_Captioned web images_
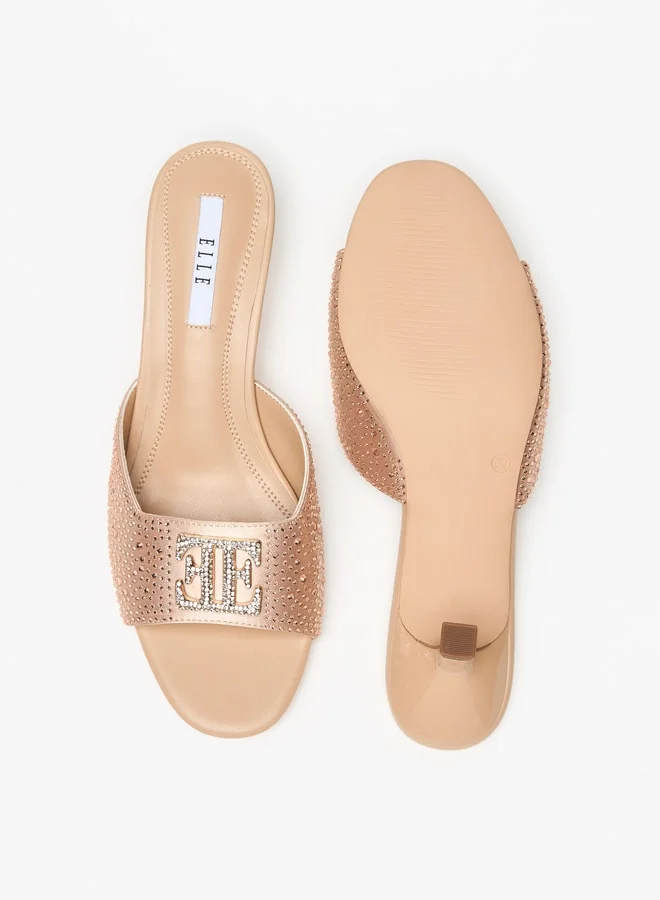 ELLE Women's Embellished Slip-On Sandals with Kitten Heels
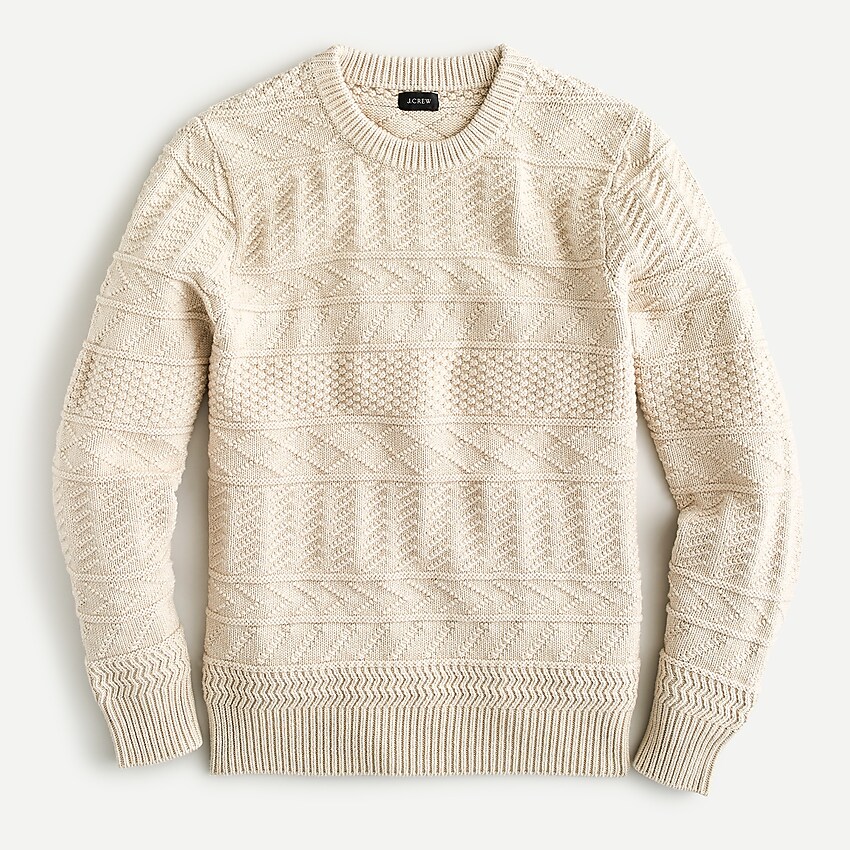 J.Crew: Cotton Sweater In Combination Guernsey Stitch For Men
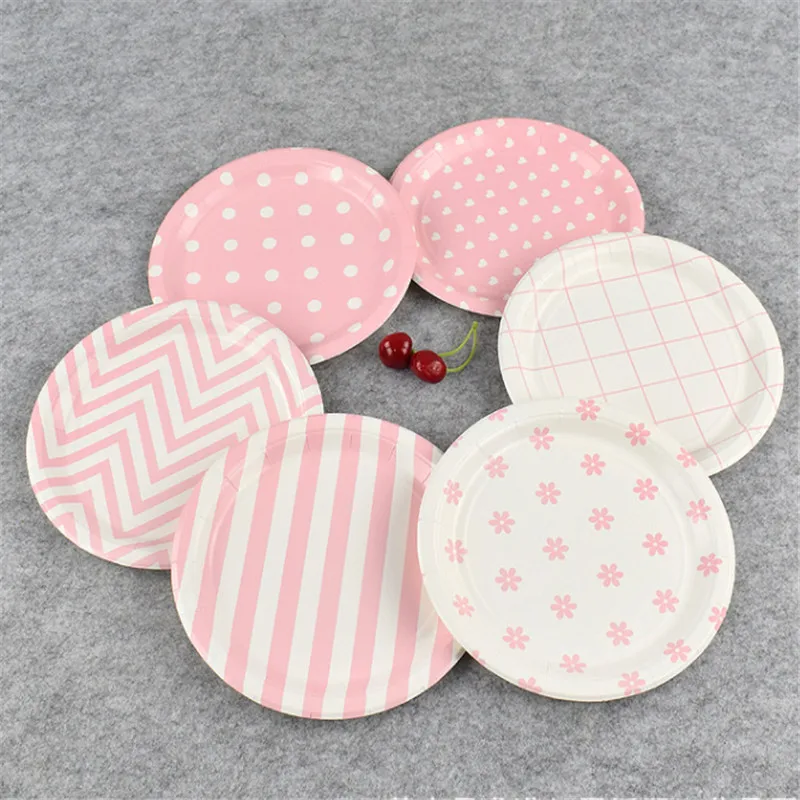 Disposable Tableware Paper Plate cake Snacks Plate Dish 100/set Food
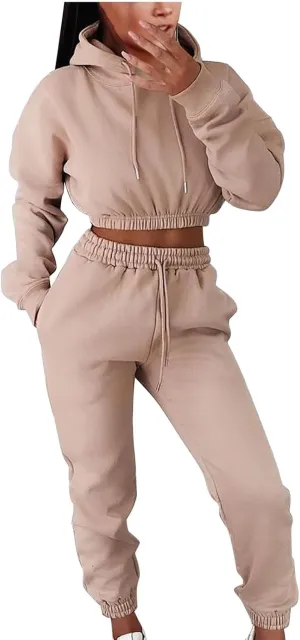 Charella Two Piece Sweatsuit Outfits for Women's Solid Pullover Hoodies Drawstring Cinch Bottom Trousers Sets With Pocket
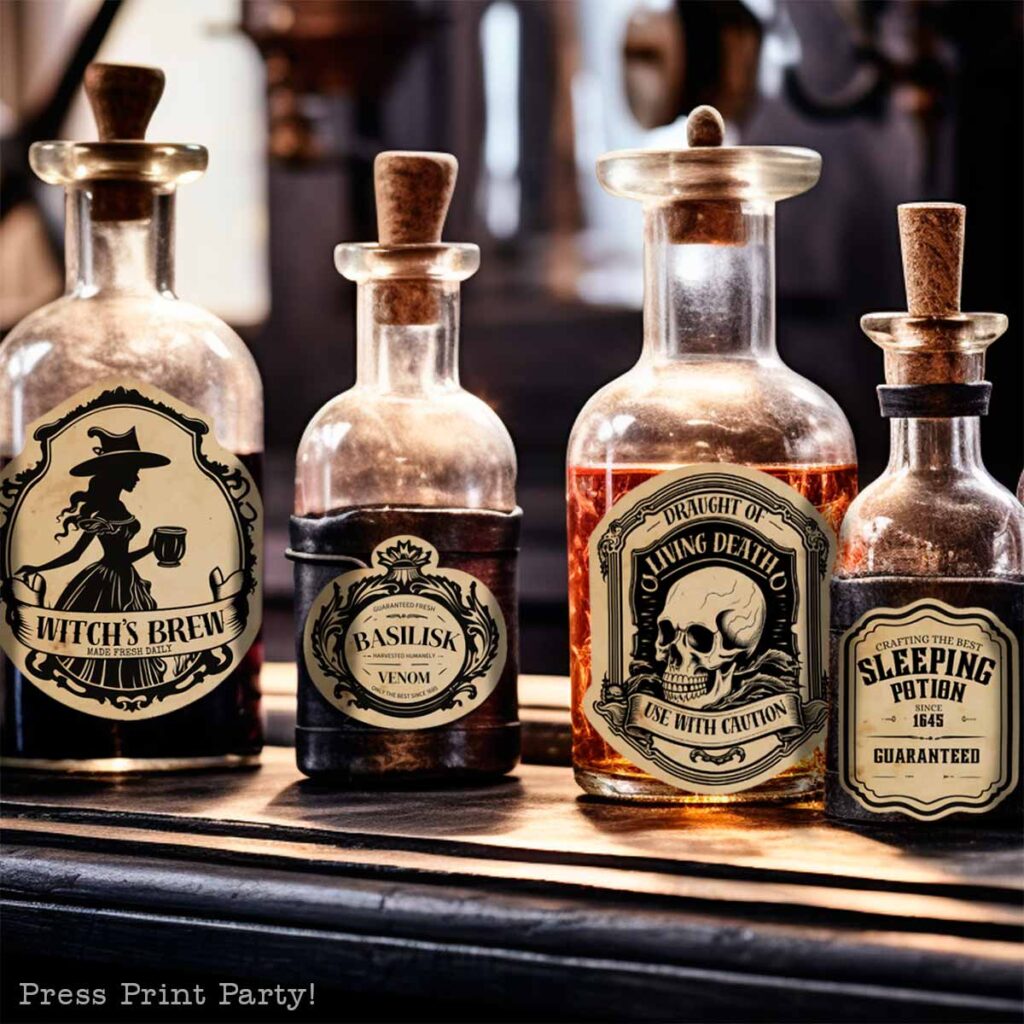 editable vintage potion apothecary labels - Harry Potter Label printables Harry potter potions labels, for Harry Potter Party Decor or Halloween Decor. Press Print Party!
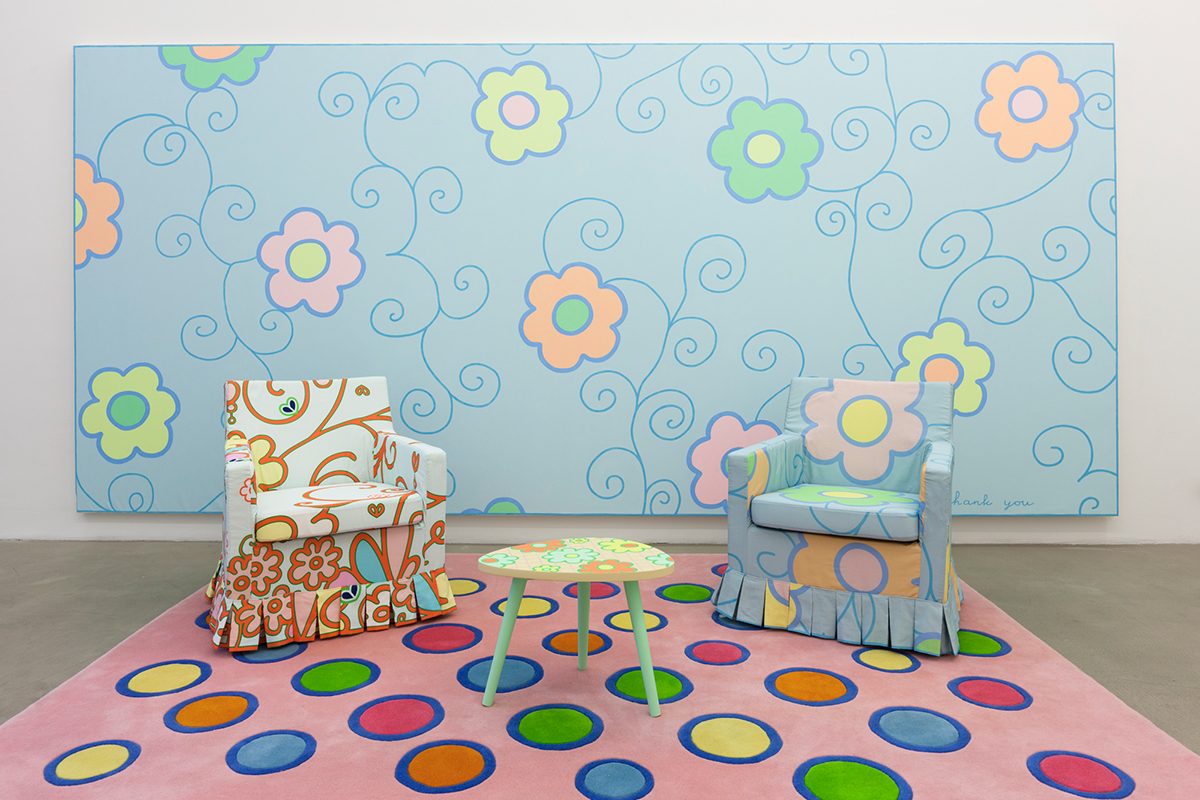 lily van der stokker, installation with gobelin painting, 2012
mixed media, installation size: 438 x 235 x 223 cm
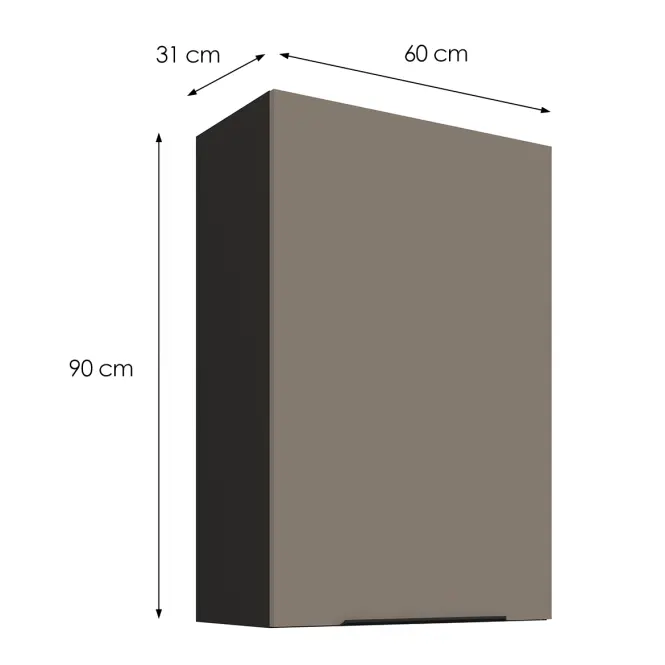 Kuchynská skrinka Aria-TA/BL anti fingerprint 60G-90 1F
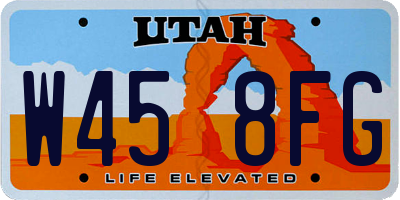 UT license plate W458FG
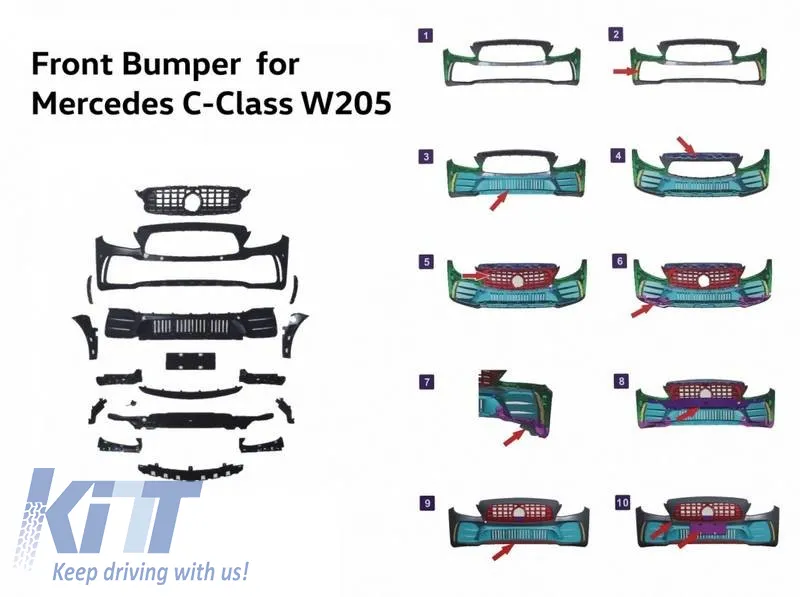 Front Bumper suitable for Mercedes-Benz C-Class C205/W205 14-21 GTR Look (Black Mamba) with Black/Chrome Grille (Black Mamba)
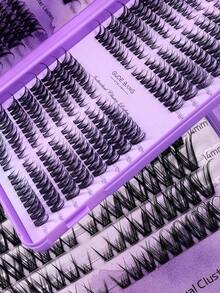 576 Clusters Large Capacity Mixed False Eyelashes Set, D-Curl, Natural Fluffy Single Cluster False Eyelashes, 10-16mm, Easy DIY Fox Eye/Cat Eye Makeup, Suitable For Beginners And Makeup Artists, DIY Home Makeup Tool, Segmented False Eyelashes, Portable Travel, Suitable For Stage, Wedding, Outdoor, Daily Work, Music Party And Other Occasions - 紫色 - 查看 6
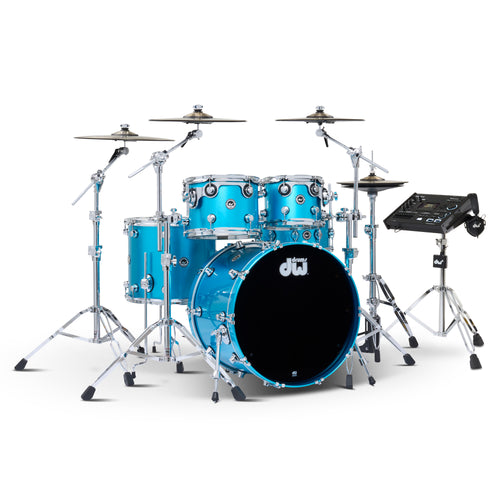 Drum Workshop DWe 5pc Kit with V71 Module and DWe Cymbals - Laser Blue Metallic, View 1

_Task to complete_
In the records above, take every line from the opening one through the line with "lily van der" and repeat it exactly; pictures are not part of the copy.

_Completed task_
 ELLE Women's Embellished Slip-On Sandals with Kitten Heels
 J.Crew: Cotton Sweater In Combination Guernsey Stitch For Men
 Disposable Tableware Paper Plate cake Snacks Plate Dish 100/set Food
 Charella Two Piece Sweatsuit Outfits for Women's Solid Pullover Hoodies Drawstring Cinch Bottom Trousers Sets With Pocket
 editable vintage potion apothecary labels - Harry Potter Label printables Harry potter potions labels, for Harry Potter Party Decor or Halloween Decor. Press Print Party!
 lily van der stokker, installation with gobelin painting, 2012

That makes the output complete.